How multilingual terminology databases differ from translation memory.

Translation Memory and Multilingual Terminology Management: Same Genus, Two Different Species

“What is the difference between source terminology management and translation memory?”

I am asked this question frequently by people who aren’t translation industry professionals.

The answer is, “None, but a lot!”

In this post, I demystify the differences between terminology management and translation memory.

Comparing the Two

Let’s start by comparing the two with terminology management systems.

Source Terminology Management

Source terms are usually stored in a database of some sort. This database could be rudimentary, such as Excel, or sophisticated, such as the Acrolinx terminology manager. Terms are usually single words or very short phrases.

Along with the terms themselves, there are usually metadata of various kinds. One frequent type of metadata is term status. In the Acrolinx world, a term may be preferred, meaning that its usage is desirable, or deprecated, meaning that usage is undesirable. Other terminology databases may label undesirable terms as “forbidden” or “do not use.”

Then, there are terms whose usage is desirable in some contexts, but undesirable in others. These flexible terms are called admitted terms in Acrolinx. When we store an admitted term in the Acrolinx terminology database, we can add more metadata in the form of a note. The note can explain why the term is either preferred or deprecated, depending on its function in the sentence.

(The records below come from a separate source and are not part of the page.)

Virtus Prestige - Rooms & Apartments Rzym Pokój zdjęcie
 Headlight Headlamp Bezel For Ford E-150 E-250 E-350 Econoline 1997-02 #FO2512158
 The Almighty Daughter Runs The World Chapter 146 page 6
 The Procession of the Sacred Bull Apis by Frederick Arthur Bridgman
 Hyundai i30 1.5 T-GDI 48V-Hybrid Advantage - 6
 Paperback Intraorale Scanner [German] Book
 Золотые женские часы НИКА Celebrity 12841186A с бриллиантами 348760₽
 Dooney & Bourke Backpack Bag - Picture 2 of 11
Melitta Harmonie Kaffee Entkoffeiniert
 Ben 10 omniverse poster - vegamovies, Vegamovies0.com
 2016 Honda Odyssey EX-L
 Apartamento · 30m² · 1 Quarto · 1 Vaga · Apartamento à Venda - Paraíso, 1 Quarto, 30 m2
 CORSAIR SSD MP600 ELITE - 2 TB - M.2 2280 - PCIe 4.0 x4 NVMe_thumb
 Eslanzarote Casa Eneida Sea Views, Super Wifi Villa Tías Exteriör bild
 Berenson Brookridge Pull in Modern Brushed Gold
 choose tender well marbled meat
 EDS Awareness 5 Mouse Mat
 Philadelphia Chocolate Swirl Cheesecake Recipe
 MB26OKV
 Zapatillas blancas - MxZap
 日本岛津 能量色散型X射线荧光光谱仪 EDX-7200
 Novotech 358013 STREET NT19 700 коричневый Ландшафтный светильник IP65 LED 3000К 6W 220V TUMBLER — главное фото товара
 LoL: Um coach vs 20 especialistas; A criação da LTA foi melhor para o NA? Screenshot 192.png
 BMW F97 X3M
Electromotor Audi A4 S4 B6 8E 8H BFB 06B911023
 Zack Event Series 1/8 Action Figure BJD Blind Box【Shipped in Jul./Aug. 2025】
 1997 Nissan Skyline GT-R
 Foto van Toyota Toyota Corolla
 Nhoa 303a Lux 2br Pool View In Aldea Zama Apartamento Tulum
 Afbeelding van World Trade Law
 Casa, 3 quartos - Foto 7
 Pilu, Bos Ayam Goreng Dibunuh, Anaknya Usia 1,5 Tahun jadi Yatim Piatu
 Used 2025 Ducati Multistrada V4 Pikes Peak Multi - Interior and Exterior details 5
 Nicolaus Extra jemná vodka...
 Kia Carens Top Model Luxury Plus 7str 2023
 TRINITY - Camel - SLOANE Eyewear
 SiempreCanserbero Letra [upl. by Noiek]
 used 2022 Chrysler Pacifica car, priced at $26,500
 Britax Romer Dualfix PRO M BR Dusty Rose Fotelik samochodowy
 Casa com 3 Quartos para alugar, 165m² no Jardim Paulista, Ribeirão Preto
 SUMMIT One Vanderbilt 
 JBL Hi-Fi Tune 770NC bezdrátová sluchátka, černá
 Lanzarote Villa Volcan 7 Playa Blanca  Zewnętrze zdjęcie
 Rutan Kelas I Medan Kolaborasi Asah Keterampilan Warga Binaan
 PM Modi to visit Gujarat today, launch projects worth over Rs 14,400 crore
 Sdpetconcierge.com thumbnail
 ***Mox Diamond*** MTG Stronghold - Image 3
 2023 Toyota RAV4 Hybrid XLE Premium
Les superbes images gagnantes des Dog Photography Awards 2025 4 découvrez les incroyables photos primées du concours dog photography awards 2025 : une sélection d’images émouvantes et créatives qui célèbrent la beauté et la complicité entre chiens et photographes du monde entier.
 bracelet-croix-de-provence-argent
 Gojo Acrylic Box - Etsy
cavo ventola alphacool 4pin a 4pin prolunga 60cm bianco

There are many other types of metadata that can be stored with terms. These data points can be anything that is salient. Examples include term origin, part-of-speech, definition information, enforcement of title case, relationship to other terms, or just about anything else under the sun.

Sophisticated source terminology databases are usually capable of storing translations. This capability is where the similarity to translation memory begins. Translated terms are linked to the source-language originals. Like their source-language brethren, translated terms are single words or short phrases.

The same metadata capabilities apply to translations of terms, because the translations are terms just like their source equivalents. Sometimes, when there are two or more translations for a source term, the preferred vs. deprecated status is particularly useful. But other metadata can be useful, as well.

Examples are the origin of the translation, or a note explaining why one translation is preferred and another isn’t. When terminology preferences are subject to negotiation between a client and a translation service provider, the metadata field “confirmed by” is very useful. In this case, the service provider has objective proof of client approval of a given term if it becomes contentious after-the-fact.

Translation Memory

In the sense of providing content that is available for reuse, translation memory (“TM”) is analogous to multilingual terminology management. TM is also a database, albeit of equivalent source- and target-language segments. The combination of a source segment and its corresponding target segment is called a translation unit (“TU”). The term translation unit is generally spoken of in the context of TM. In theory, it also applies to source-target term pairs in a terminology database.

Segments are usually sentences, and punctuation usually delimits them. But a segment could consist of more than, or less than, one full sentence, depending on many factors. For example, sometimes a complex source-language sentence is stylistically better in the target language when written as two sentences. In this case, you have a 1:2 segment relationship that is still a TU in the TM. The same could be true the other way around, but it is usually source content authors who write overly long or overly complex sentences.

Translation editing environments use matching algorithms to traverse TM and terminology databases. These algorithms search for source-language segments and terms that match segments in the document being translated. When a match is found, the corresponding target-language segment or term is offered to the translator. Matches from TM don’t have to be exact. The algorithms account for fuzziness, and the degree of matching is reported to the translator along with the candidate translated segment.

For terms, matching must be exact in most cases, although some terminology systems, such as Acrolinx, deal well with inflections. Acrolinx is not a translation editing environment, but it does support multilingual terminology management. Acrolinx can also import and export files used by translation editing products. There are connectors available to other linguistic tools.

For example, one useful connector links Acrolinx with a visual localization product called SDL Passolo, which is used for translating software user interfaces. This connection is important because, in software localization, the user interface forms the terminological heart for translation of all other associated product documentation types.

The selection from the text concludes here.